------ Supplied records

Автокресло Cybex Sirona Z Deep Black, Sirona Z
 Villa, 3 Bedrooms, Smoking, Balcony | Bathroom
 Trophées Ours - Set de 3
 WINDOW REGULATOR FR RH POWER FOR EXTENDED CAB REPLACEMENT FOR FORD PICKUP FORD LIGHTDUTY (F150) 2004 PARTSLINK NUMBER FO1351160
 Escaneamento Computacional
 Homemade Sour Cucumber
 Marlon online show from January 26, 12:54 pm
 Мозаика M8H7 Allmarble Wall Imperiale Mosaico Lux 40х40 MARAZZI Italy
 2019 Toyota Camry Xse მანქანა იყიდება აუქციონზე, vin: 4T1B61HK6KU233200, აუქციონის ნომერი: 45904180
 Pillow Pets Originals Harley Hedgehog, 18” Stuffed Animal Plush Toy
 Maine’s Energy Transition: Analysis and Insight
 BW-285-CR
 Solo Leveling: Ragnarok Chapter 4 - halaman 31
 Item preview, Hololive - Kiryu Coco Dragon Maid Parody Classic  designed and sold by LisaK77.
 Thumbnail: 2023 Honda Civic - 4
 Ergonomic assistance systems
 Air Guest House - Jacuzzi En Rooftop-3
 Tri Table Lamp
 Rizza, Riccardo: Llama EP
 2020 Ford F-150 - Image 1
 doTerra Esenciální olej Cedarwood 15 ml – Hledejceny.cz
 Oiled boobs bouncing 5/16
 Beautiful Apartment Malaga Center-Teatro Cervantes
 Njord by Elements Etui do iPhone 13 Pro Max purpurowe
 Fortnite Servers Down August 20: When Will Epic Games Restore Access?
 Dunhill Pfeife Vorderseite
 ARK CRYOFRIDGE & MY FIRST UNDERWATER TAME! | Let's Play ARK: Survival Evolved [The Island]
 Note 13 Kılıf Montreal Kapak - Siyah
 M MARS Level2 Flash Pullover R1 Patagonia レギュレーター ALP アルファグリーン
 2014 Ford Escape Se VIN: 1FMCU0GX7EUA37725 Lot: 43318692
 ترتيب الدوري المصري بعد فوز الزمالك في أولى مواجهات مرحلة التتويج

------------

▸ Exercise objective
Produce an exact copy of each line from the one holding "Njord by Elements" through the last line of the records, both included, and nothing more.

▸ The answer
 Njord by Elements Etui do iPhone 13 Pro Max purpurowe
 Fortnite Servers Down August 20: When Will Epic Games Restore Access?
 Dunhill Pfeife Vorderseite
 ARK CRYOFRIDGE & MY FIRST UNDERWATER TAME! | Let's Play ARK: Survival Evolved [The Island]
 Note 13 Kılıf Montreal Kapak - Siyah
 M MARS Level2 Flash Pullover R1 Patagonia レギュレーター ALP アルファグリーン
 2014 Ford Escape Se VIN: 1FMCU0GX7EUA37725 Lot: 43318692
 ترتيب الدوري المصري بعد فوز الزمالك في أولى مواجهات مرحلة التتويج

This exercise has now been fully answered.